Longer term, we're considering insulating the walls (the back wall externally, and the front wall internally), but that's a way off, but there are some changes we've been able to make immediately. Firstly, the long-unused curtain rail separating the landing has been put back into use over the last few weeks. Having proved workable, and having made a difference to the landing temperature, I've replaced the track with a pole, which has meant a set of tab-top curtains that were spare have replaced the unattractive curtain that moved there from my dressing room. The curtain now splits the landing into a small area at the top of the stairs and outside the two spare bedrooms, and a longer landing with the master bedroom and bathroom off it. This means that heat from downstairs only really escapes into the new small landing space, and not into the bigger rooms (which also have loft hatches).

I've also put a thick curtain up across the back door. It'll mean access through that door is slightly complicated, and that we won't, during cold weather, go out for any length of time using that door, but it should really help with the drafts.

This obviously doesn't work so well with the front door: a normal curtain across that door couldn't be drawn behind us on leaving, meaning it wouldn't be in place during the day, or if we go away. Instead, I have constructed an ingenious contraption that works to open and close the curtain with the door, while entirely covering it (that is, extending beyond the door's recess on all sides. Photo when I can. Basically, there's a shelf bracket and short vertical pole mounted at the top of the handle edge of the door, with a curtain pole 'cup' at the top. This brings the cup forward out of the door recess, and up above it. The cup can rotate, and the pole can move laterally along it: both of these are necessary freedoms, because of the non-coinciding pivot points of door and curtain pole. On the hinge side, on the wall, the curtain pole's mounted on a bracket modified to include a vertical bolt, through a hole in the pole. This is the pivot of the curtain.
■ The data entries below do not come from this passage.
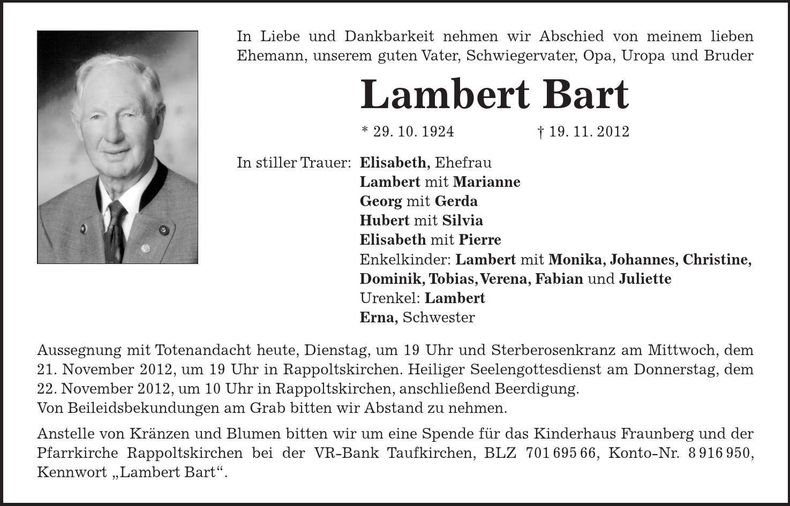 Traueranzeige Lambert Bart
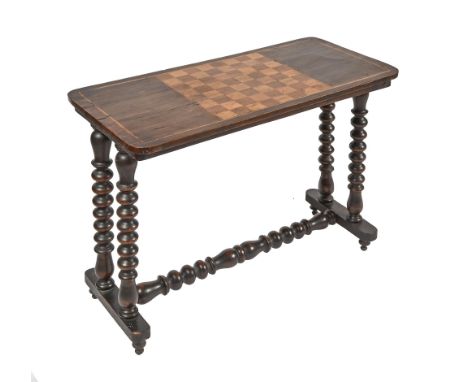 A Victorian inlaid walnut games table, on bobbin turned legs on stretcher base, 62cm h; 86 x 40cm  Minor chips and losses con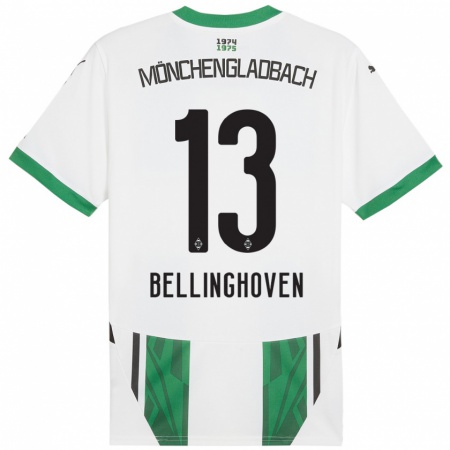 Kandiny Férfi Christina Bellinghoven #13 Fehér Zöld Hazai Jersey 2024/25 Mez Póló Ing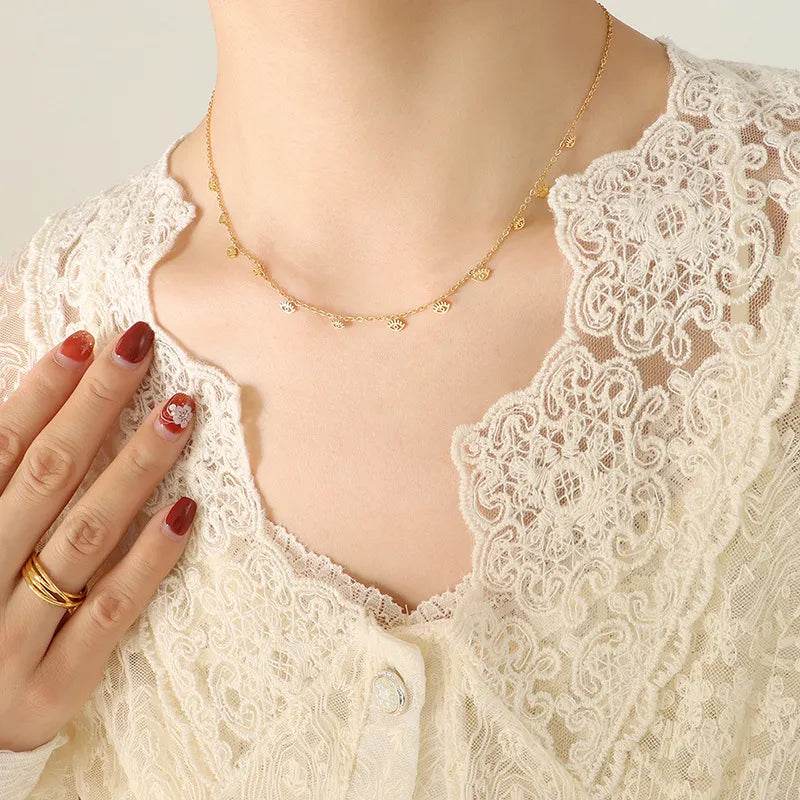 Elegant 18K Gold-Plated Titanium Steel Charm Necklace - 15.7 Inch Adjustable Length - Store 42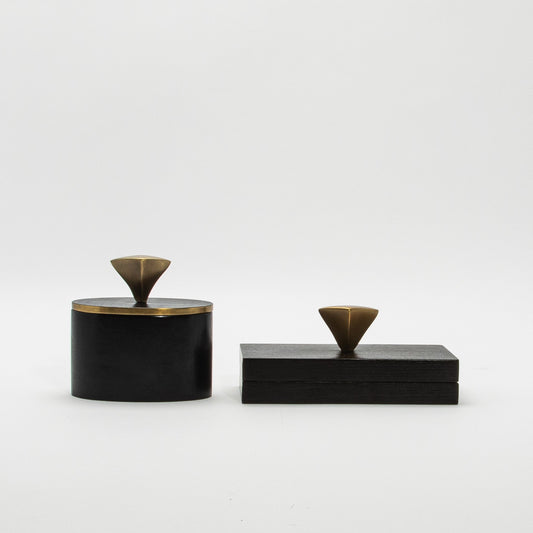 Set of 2 Boxes in Black Oak with Bronze Patina Brass Knob by Kifu Paris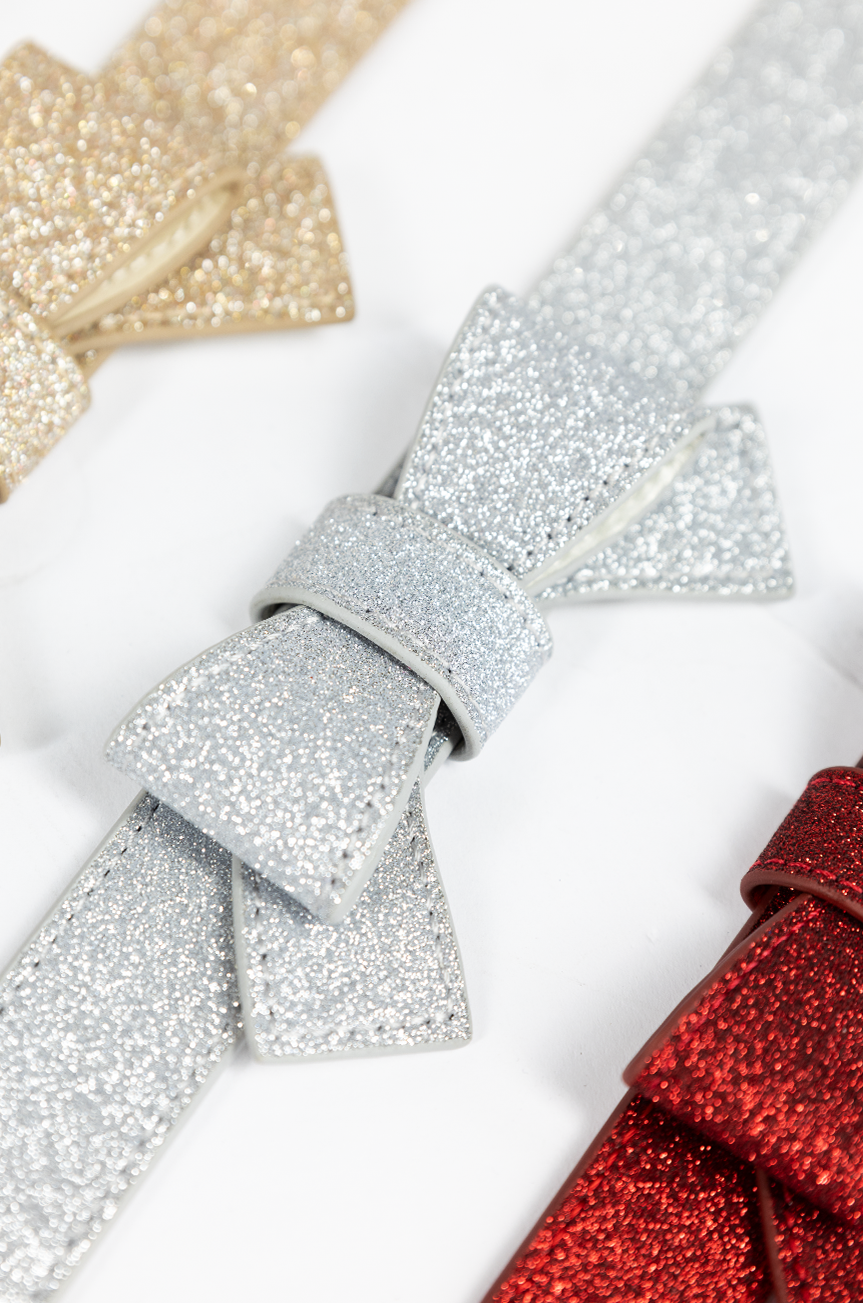 Pretty Kitty Follies Sparkle Bow Belt (Silver)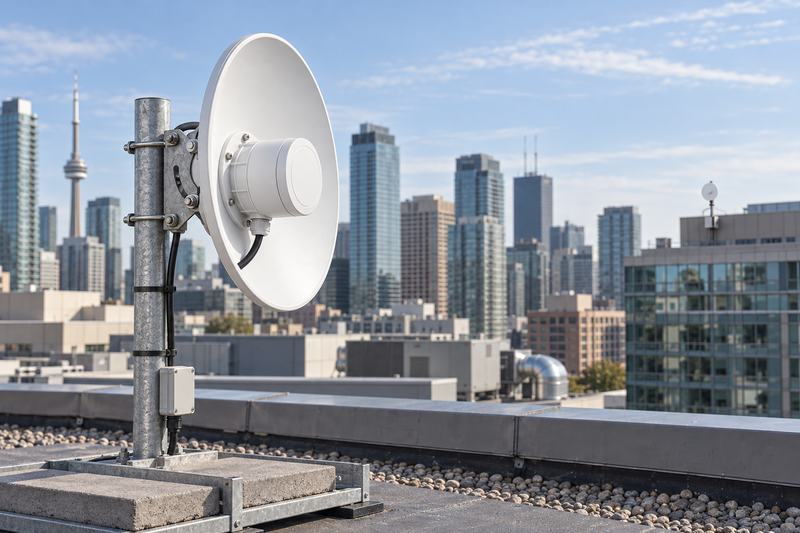 Point-to-point dish antenna on a rooftop mast, aimed across a city skyline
When the door's opened, the handle side of the pole moves with the door, rotating around the hinge-side pivot: it also moves hinge-wards, in the door frame of reference, and ceases to be parallel to the door (hence the requirements for sliding and rotating the handle-side fixing).

Relatively simple to make: you can buy portiere curtain poles, but those for recessed doors are expensive (~£100-120), and all this cost was £30, for a curtain pole and a shelf bracket, and a few bits and pieces (scrap wood, to mount things, and a machine bolt for the bearing).

I then put up similar affairs on the doors to the two spare bedrooms, to help compartmentalize the landing. Simpler, because there's no recess; instead of a bracket, the handle-side cup is mounted on a small vertical plank, which means the curtain pole is above the door level. The cup through which the pole slides needs modifying, though, because of the change in angle between door and pole; that's easy enough, though.

Lastly, I've put up the new outside light above the drive (much nicer than the old bulkhead lights), and wired in a PIR sensor so the lights come on when you approach the front door. Needs some tweaking (so it comes on for longer, and doesn't trip until you're closer), but very pleasing.